Despite reports from Western media that Putin dropped this figurative bombshell while en route to dropping literal bombshells on Kyiv, Putin informed other world leaders of his intentions before making the announcement. The Kremlin claimed that both German Chancellor Olaf Scholz and French President Emmanuel Macron were informed of Putin’s pending action and “expressed their disappointment with this development of the situation,” though both remained willing to try and find a diplomatic solution to the situation in Ukraine. Both countries were parties to the signing of the Minsk II agreement in 2015 that sought a diplomatic solution to the emergence of separatist-held territories.

Scholz, speaking with Putin over the phone, told the Russian president that the recognition of Russian separatists “would be a gross contradiction of the Minsk agreement for a peaceful settlement of the conflict in east Ukraine and a unilateral breach of these deals from the Russian side.”

The European Union also cautioned Putin against recognizing the independence of Russian separatist republics in the Donbas. High Representative of the Union for Foreign Affairs and Security Policy Josep Borrell told reporters in Brussels that the E.U. “call[s] upon President Putin to respect international law and the Minsk agreements and expect him not to recognize the independence of Luhansk and Donetsk oblasts.”

Russia’s recognition of the separatist republics wasn’t simply an act of Russia’s executive in consultation with his Security Council. Last week, the Russian Duma voted for recognition of the separatist republics in Donetsk and Luhansk.

Russia’s recognition of the separatist republics, which claimed independence from Ukraine in 2014, likely means that reinvigorating Minsk II or devising a Minsk III is no longer on the table, given that the key provision of the Minsk agreements was autonomous governance for Donetsk and Luhansk directed by Ukrainian election law. Though it narrows the scope of diplomatic solutions available to the interested parties, a reinvigorated Minsk II or Minsk III was unlikely to succeed anyway, because the West failed to present Russia with any serious bargaining chips, like a moratorium on NATO membership for Ukraine or a revival of the Intermediate Nuclear Forces Treaty.

A future offer could actually draw the lines of the republics in Donetsk and Luhansk in exchange for a drawdown of Russian troops along Ukraine’s borders.
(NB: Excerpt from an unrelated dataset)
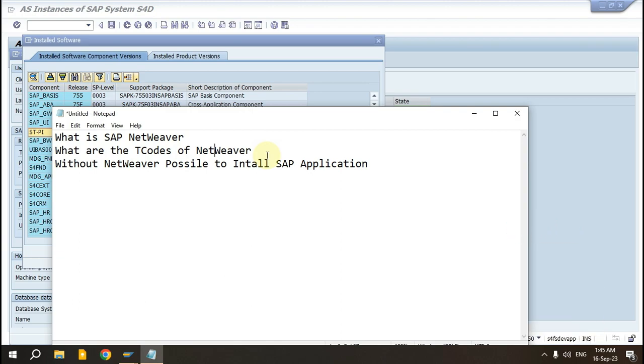I hope this is clear now, because I have seen a number of people who are not able to give the proper answer. What is SAP NetWeaver? And what is the difference between SAP NetWeaver and ECC and CRM and everything?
While this has been a red-line for the Ukrainians in the past, Ukrainian President Volodymyr Zelensky may find it more desirable than the alternative, which could well be the Russian capture of much of the country’s eastern oblasts without Ukraine being able to muster much of a resistance.

“Russian troops in Belorussia are there to guard the flank in the event that the West interferes and to tie down Ukrainian forces around Kiev that might otherwise intervene,” said Macgregor, who is a senior fellow with TAC. “Moscow is also sensitive to the fact that the vast majority of citizens living West of the River and North/Northeast of Kiev are true Ukrainians.” While some claimed Putin’s speech indicated Russia could wipe Ukraine off the map via a full-scale invasion, “Moscow does not have the troop strength to control more territory in the face of serious hostility,” given its current troop levels stationed around Ukraine’s borders, Macgregor added.

U.S. claims of an imminent Russian invasion of Ukraine may very well turn out to be a self-fulfilling prophecy. If the West keeps doubling down on sanctions and troop deployments without forwarding any serious diplomatic solution, then the Russians may very well decide that if they are going to be punished for “invading” regardless of whether they do or not, then they might as well take what they can of eastern Ukraine.